_Work instructions_:
Could every line below be transcribed exactly, with the pictures dropped?

_Input_:
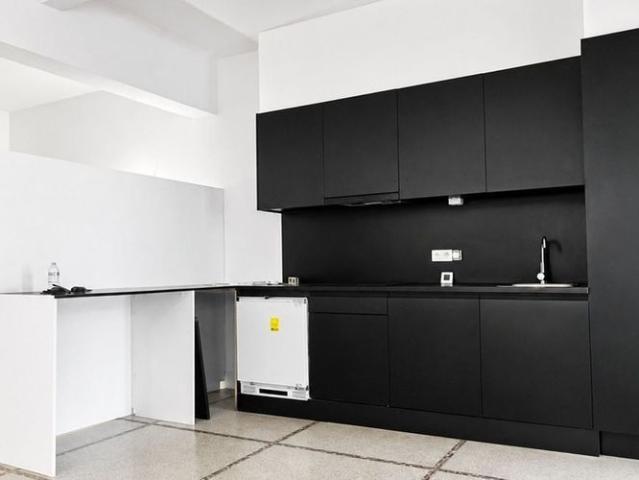 Appartement location à Antwerpen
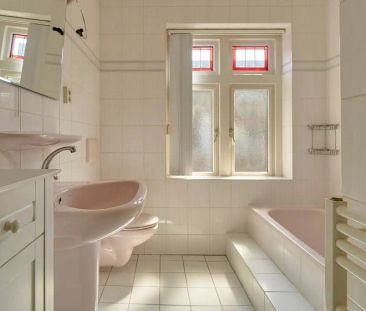 Appartement Ruitersweg, Hilversum - À Louer - Foto 4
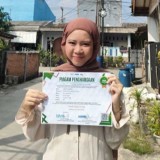 Mahasiswa UIN Malang Raih Prestasi di Indonesian Advanced Science Competition 2024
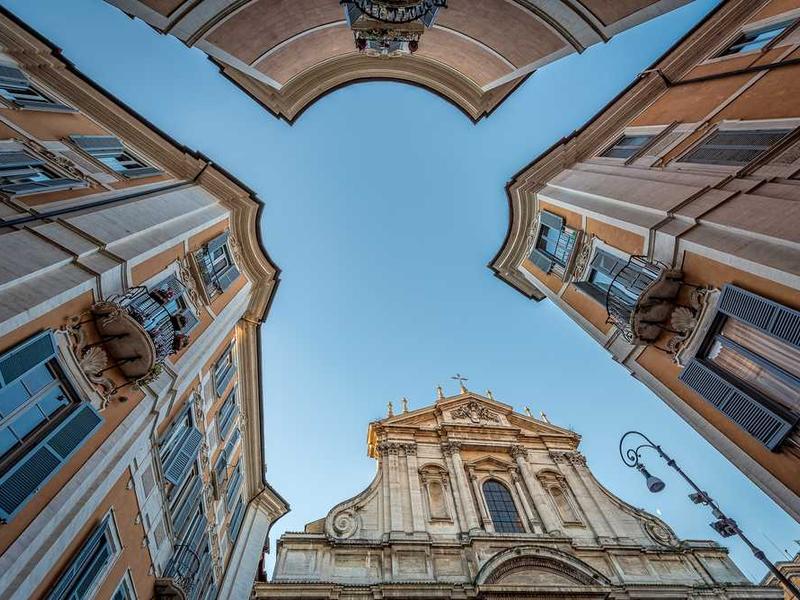 Computer Repair - All Brands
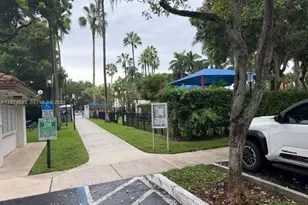 9771 NW 32nd St, Doral, FL 33172 - Photo 59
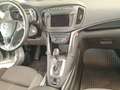 Opel Zafira C Innovation Grijs - thumbnail 10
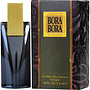 BORA BORA Cologne von Liz Claiborne #127050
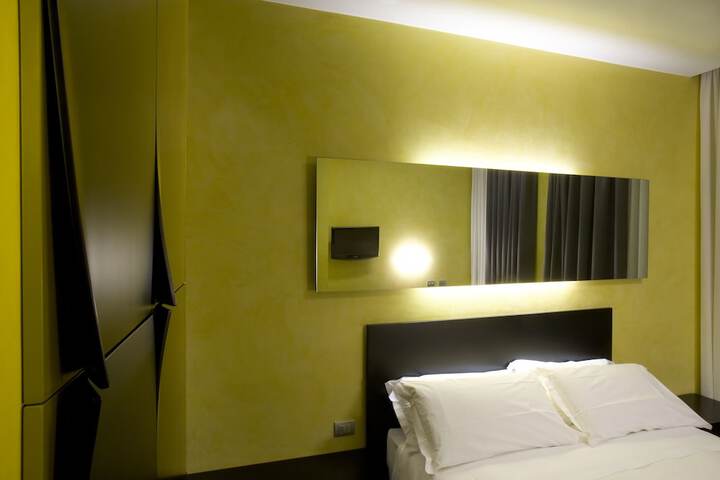 Room 22 of 88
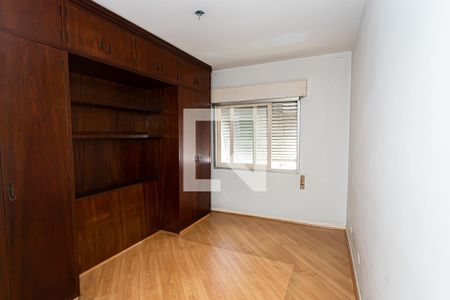 Apartamento à venda com 79m², 2 quartos e 1 vagaQuarto 2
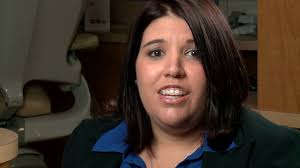 Real Practice Growth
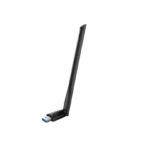 Archer T3U Plus AC1300 USB מבית TP-LINK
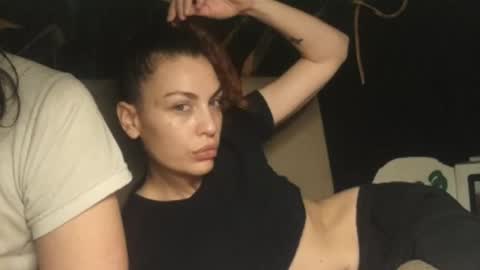 Snapshot of tarian_xxx chatting on March 3, 2025, 7:43 am T  J   online show from March 3, 2025, 7:43 am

_Answer to this problem_:
 Appartement location à Antwerpen
 Appartement Ruitersweg, Hilversum - À Louer - Foto 4
 Mahasiswa UIN Malang Raih Prestasi di Indonesian Advanced Science Competition 2024
 Computer Repair - All Brands
 9771 NW 32nd St, Doral, FL 33172 - Photo 59
 Opel Zafira C Innovation Grijs - thumbnail 10
 BORA BORA Cologne von Liz Claiborne #127050
 Room 22 of 88
 Apartamento à venda com 79m², 2 quartos e 1 vagaQuarto 2
 Real Practice Growth
 Archer T3U Plus AC1300 USB מבית TP-LINK
 Snapshot of tarian_xxx chatting on March 3, 2025, 7:43 am T  J   online show from March 3, 2025, 7:43 am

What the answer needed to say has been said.